With 1.7 million people waving signs, pennants and brooms lining the streets on a gloriously sunny day yesterday, the Philadelphia 76ers shared the NBA championship with their fans.

The parade began in the downtown area and proceeded about five miles down Broad Street to Veterans Stadium, where a crowd of 62,000 welcomed the team.

The parade snaked through crowds that were 10 and 15 deep in most areas, as confetti, torn telephone books and ticker tape cascaded through the windows of buildings as the 76ers passed.

"This is the biggest crowd I've ever seen in Philadelphia watching a parade," said Police Inspector Bernard Small.

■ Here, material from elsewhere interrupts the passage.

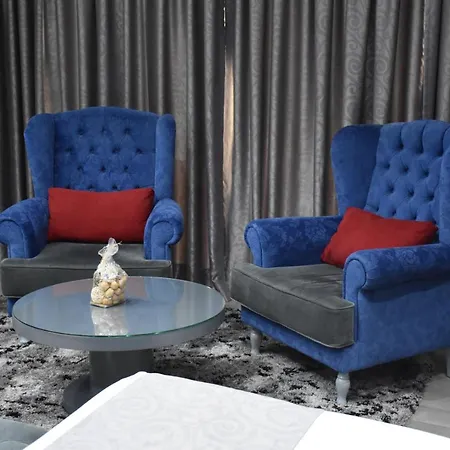 Hotel New W Tirana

As the team passed, many yelled "Sweep, Sweep, Sweep" or "We're No. 1," while Coach Billy Cunningham and owner Harold Katz balanced the NBA championship trophy on the front railing of the flatbed truck they rode.

Julius Erving and Andrew Toney were so taken by the celebrating that they began an impromptu dance as their car wheeled around inside the Vet.

"We thank you fans from the bottom of our hearts for this day and coming out here and sharing this with us," said Erving, who received the loudest and longest ovation. "There was nothing pretty about what we did to the NBA this year. It was absolutely beautiful" . . .

A group of Connecticut businessmen has reportedly made the Boston Celtics an offer to guarantee more than 10,000 season ticket sales if they played half their home games at the Hartford Civic Center, according to the Boston Globe.